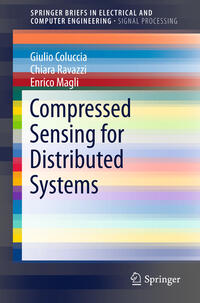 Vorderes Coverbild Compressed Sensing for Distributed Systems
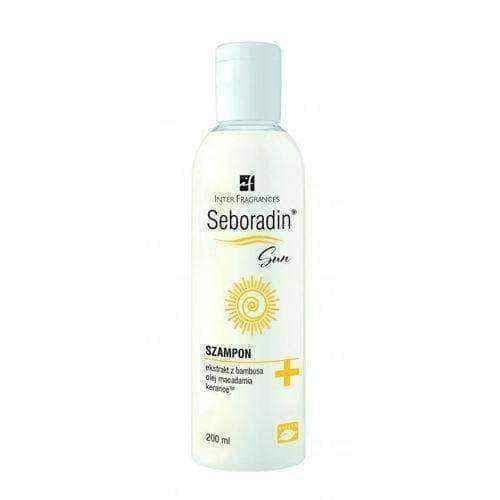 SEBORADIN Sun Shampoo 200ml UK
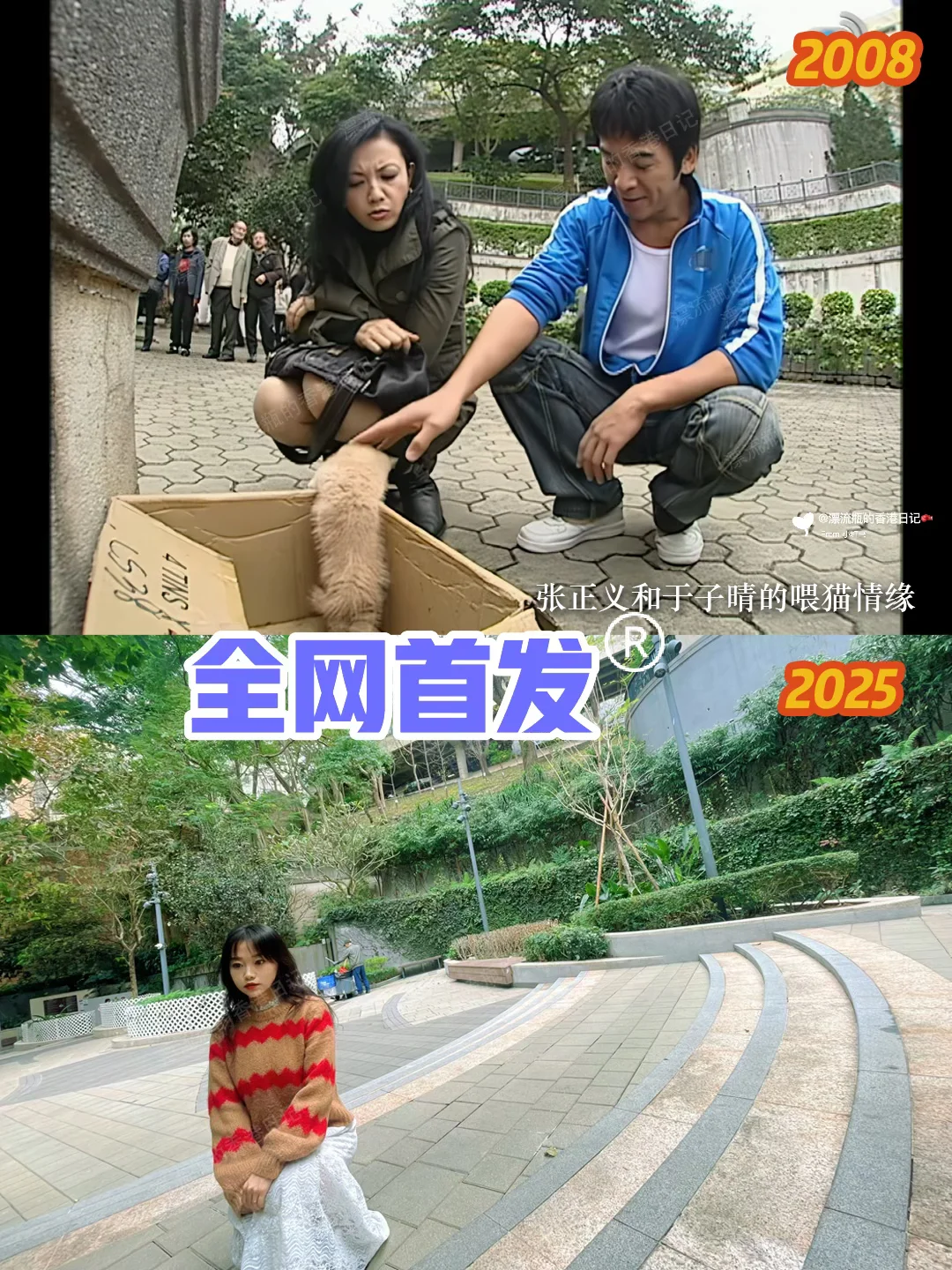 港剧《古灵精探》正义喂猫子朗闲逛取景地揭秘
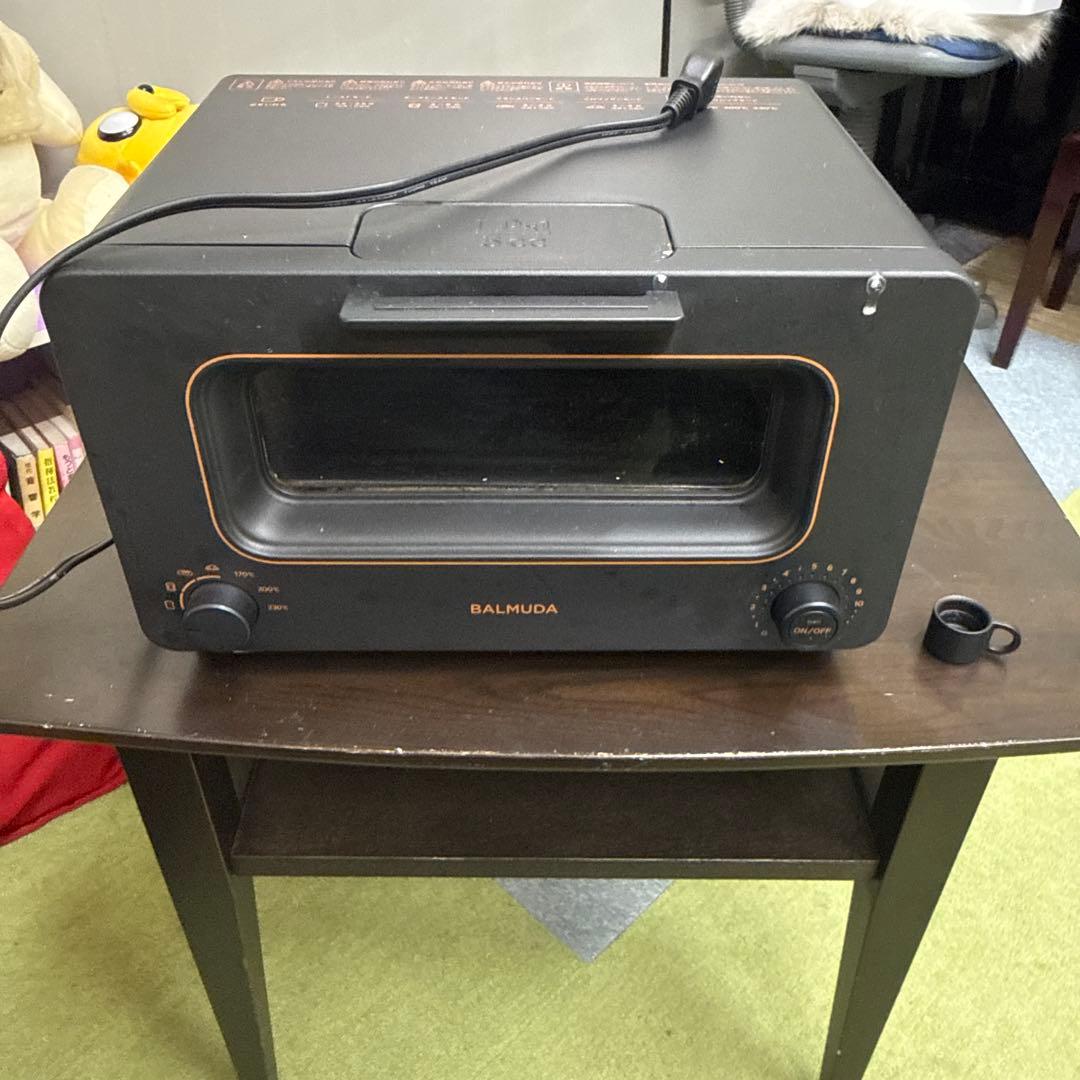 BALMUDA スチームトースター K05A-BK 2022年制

### EXERCISE DETAILS
Give back exactly the lines from the line with "港剧《古灵精探》正义喂猫子朗闲逛取景地揭秘" through the end of the material above, and omit every picture.

### SOLUTION
 港剧《古灵精探》正义喂猫子朗闲逛取景地揭秘
 BALMUDA スチームトースター K05A-BK 2022年制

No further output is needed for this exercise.